- **DATASET CONTENT**
'''
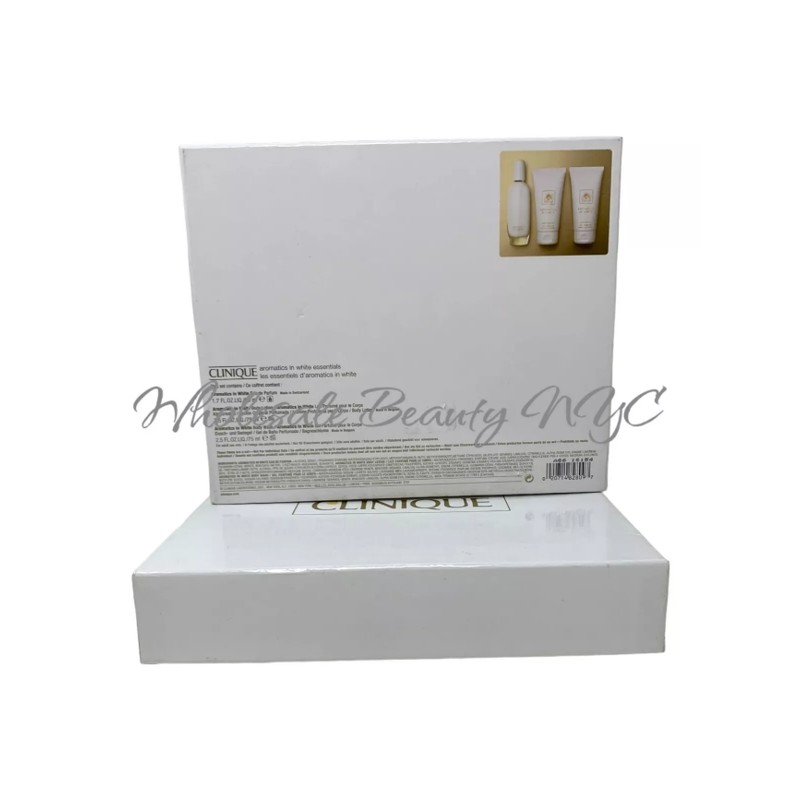 Clinique Aromatics in White Essentials 3 Pcs Set - EDP,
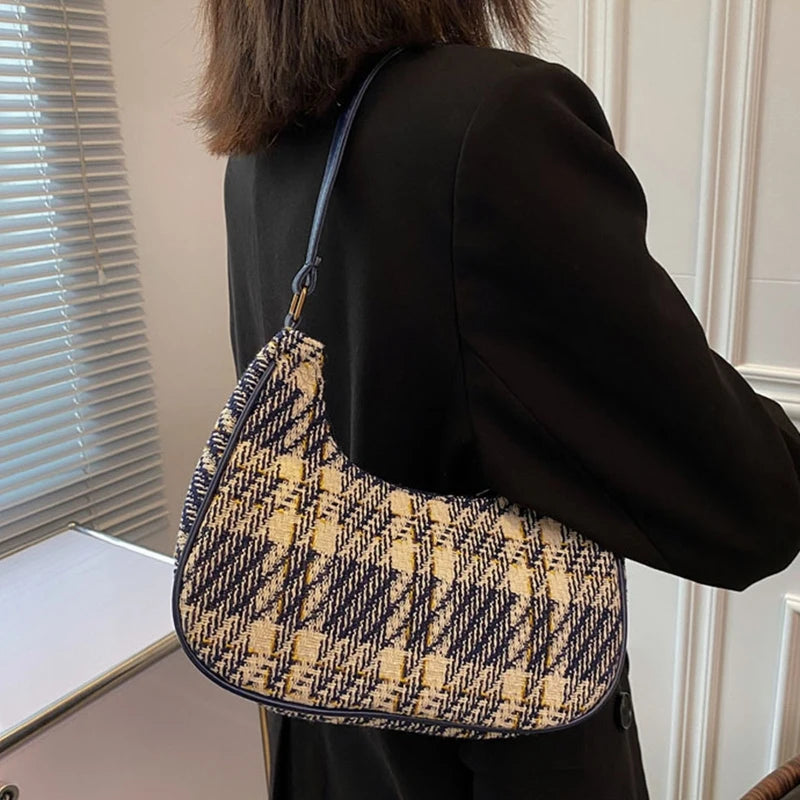 Shoulder Handbag for Women, Hobo Tote Handbag Mini Clutch Purse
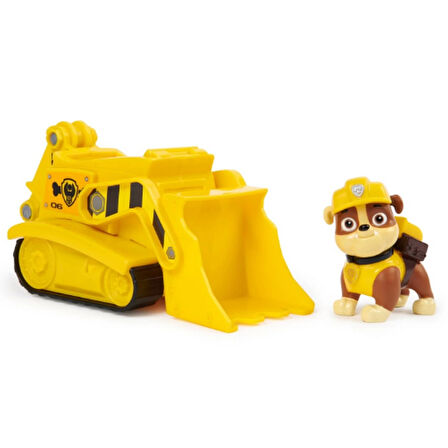 Paw Patrol Rubble'ın Buldozeri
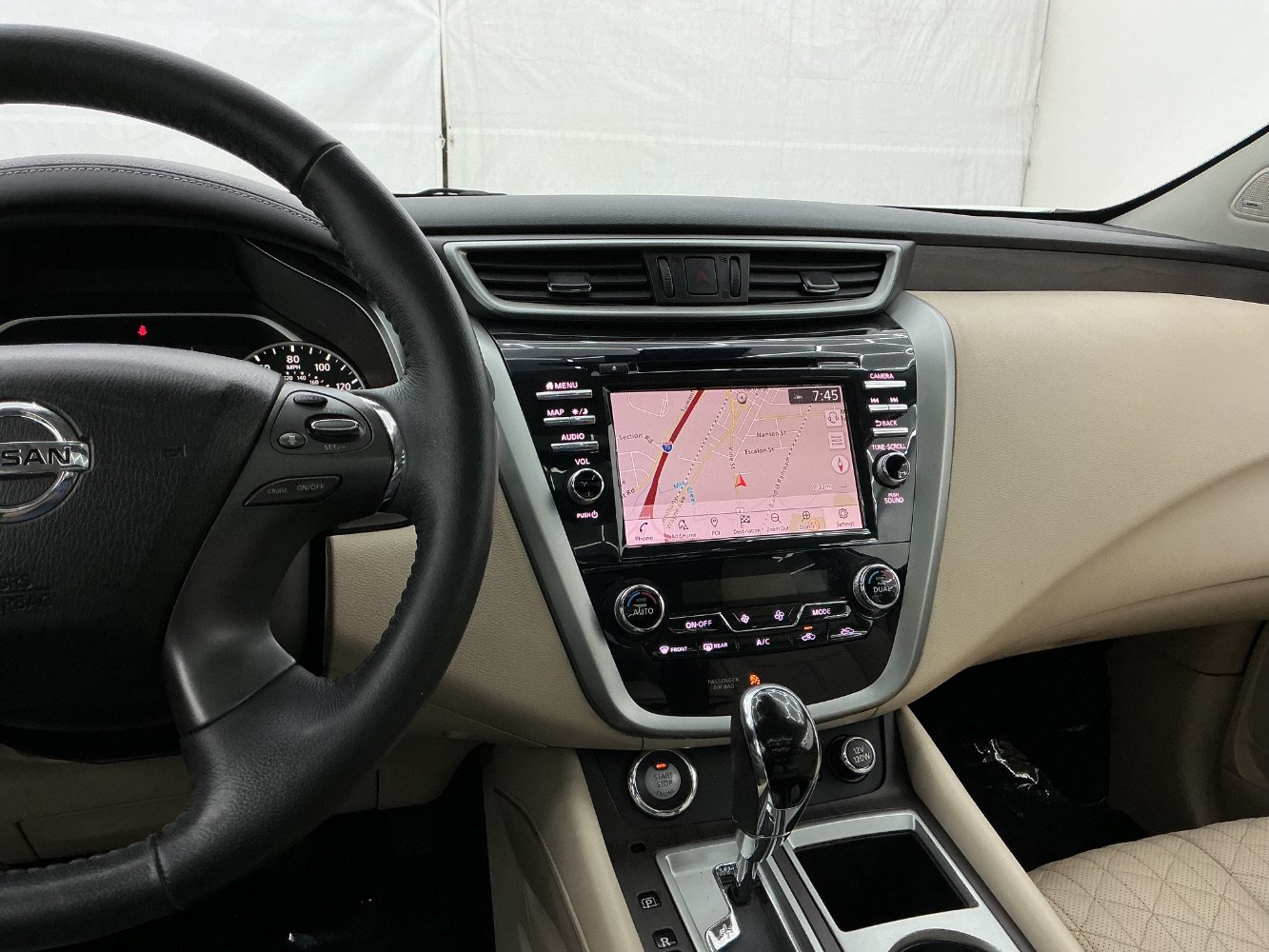 Used 2019 Nissan Murano Platinum w/ Cargo Package AWD/4WD image 34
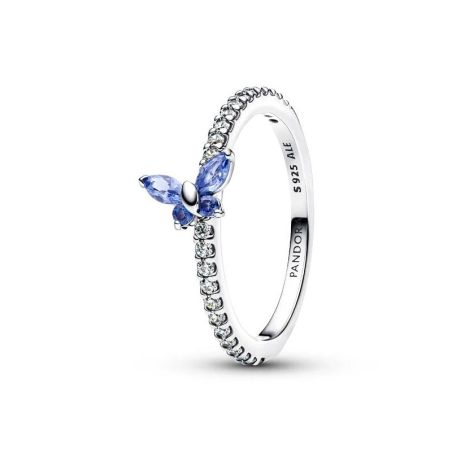 Bague femme pandora papillon scintillante 194269c01 – bagues tendances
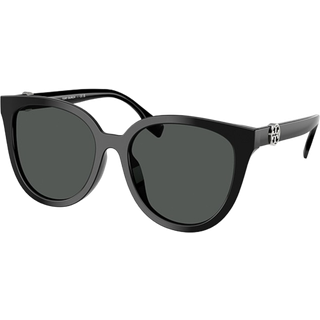 Tory Burch TY7213D Asian Fit 170987 56 Solbriller Kvinder Black - Black - 56mm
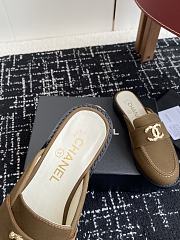 CHANEL | Moccasins in brown - 6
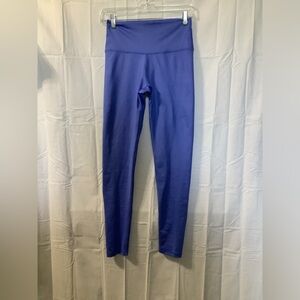 Aerie Electric Blue purple Active Leggings Medium 27 inseam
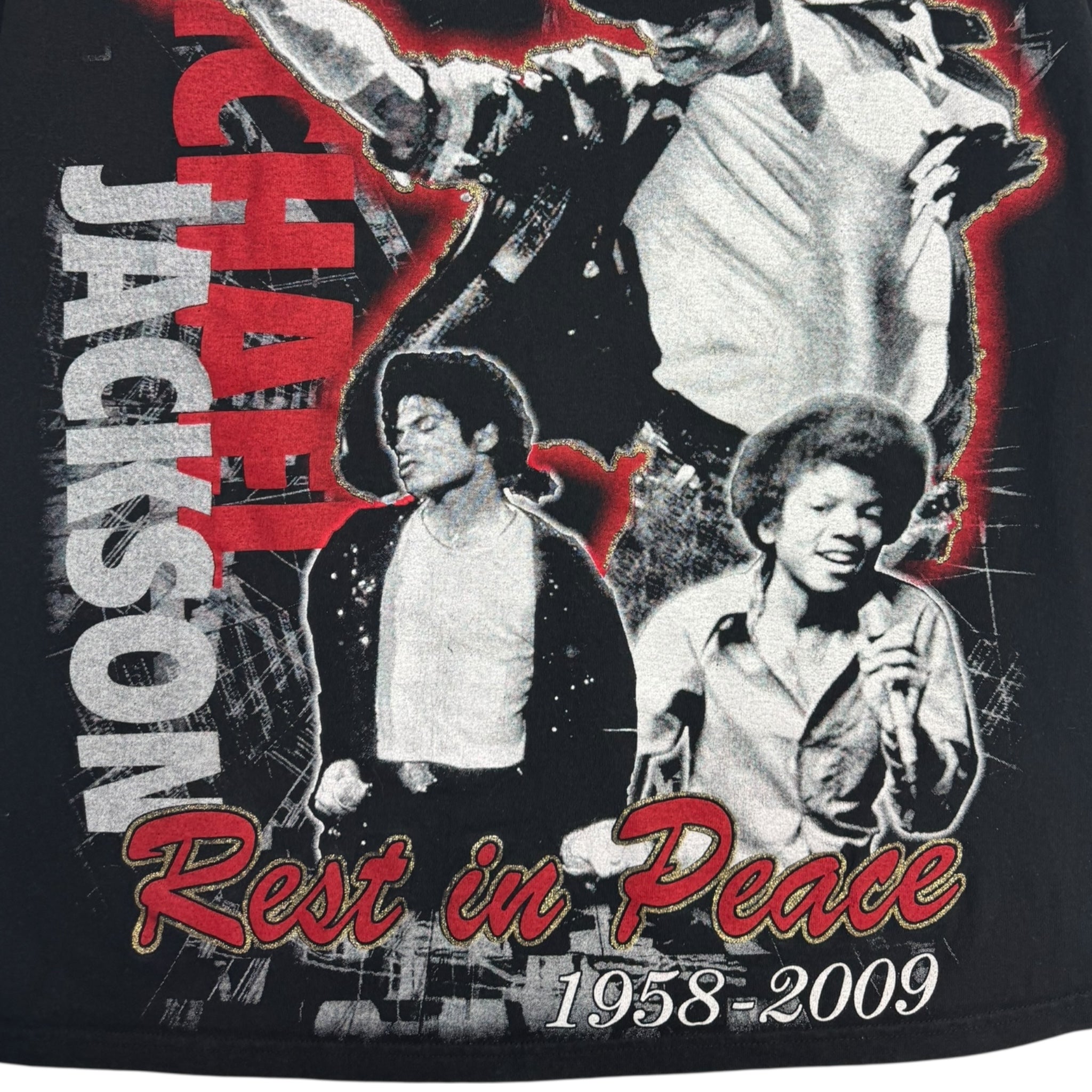 2009 Michael Jackson Memorial T-Shirt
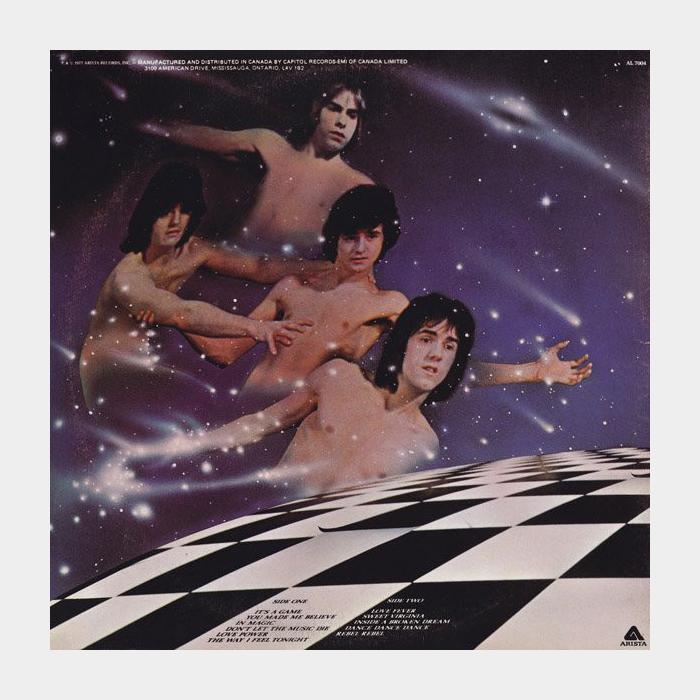 Bay City Rollers - It's A Game (ex/ex)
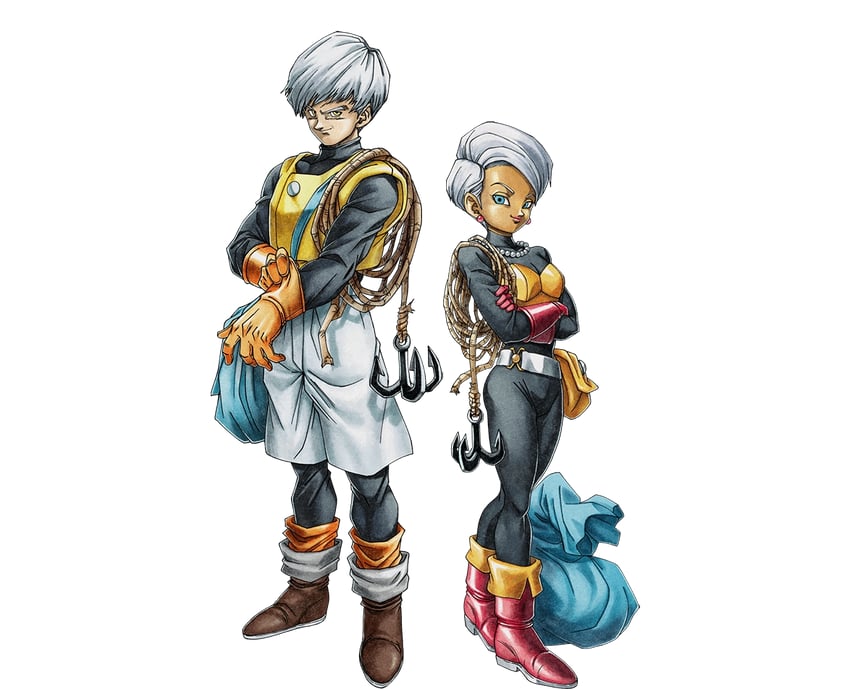thief (dragon quest and 1 more) drawn by fenyon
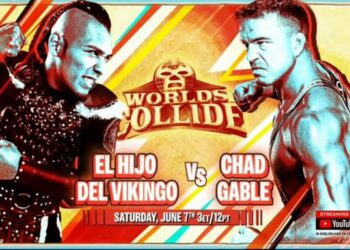 El Hijo del Vikingo se enfrentará a Chad Gable en WWE x AAA Words Collide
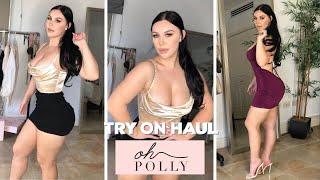 SUMMER OH POLLY TRY ON HAUL   MINI DRESS & OUTFIT HAUL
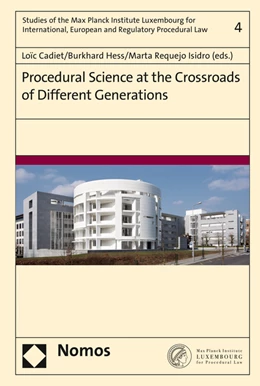 Abbildung von Cadiet / Hess | Procedural Science at the Crossroads of Different Generations | 1. Auflage | 2015 | 4 | beck-shop.de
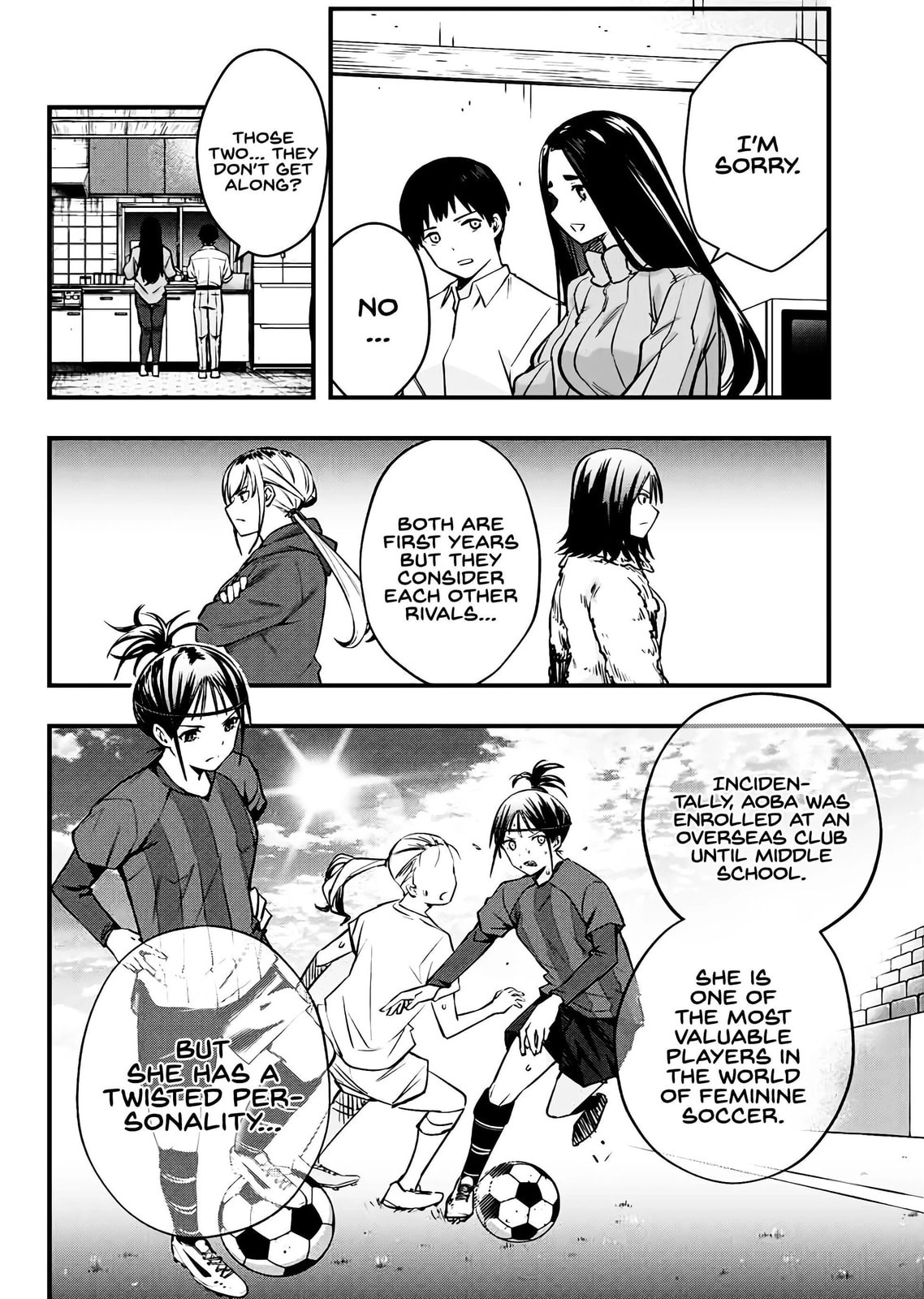 Don't Touch, Kotesashi-kun Chapter 2 page 17 -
'''
- **TASK DESCRIPTION**
Reproduce exactly the lines of the entries above from the first through the line with "thief (dragon quest", both included; pictures should not be reproduced.

- **WRITTEN ANSWER**
 Clinique Aromatics in White Essentials 3 Pcs Set - EDP,
 Shoulder Handbag for Women, Hobo Tote Handbag Mini Clutch Purse
 Paw Patrol Rubble'ın Buldozeri
 Used 2019 Nissan Murano Platinum w/ Cargo Package AWD/4WD image 34
 Bague femme pandora papillon scintillante 194269c01 – bagues tendances
 Tory Burch TY7213D Asian Fit 170987 56 Solbriller Kvinder Black - Black - 56mm
 CHANEL | Moccasins in brown - 6
 Aerie Electric Blue purple Active Leggings Medium 27 inseam
 2009 Michael Jackson Memorial T-Shirt
 Bay City Rollers - It's A Game (ex/ex)
thief (dragon quest and 1 more) drawn by fenyon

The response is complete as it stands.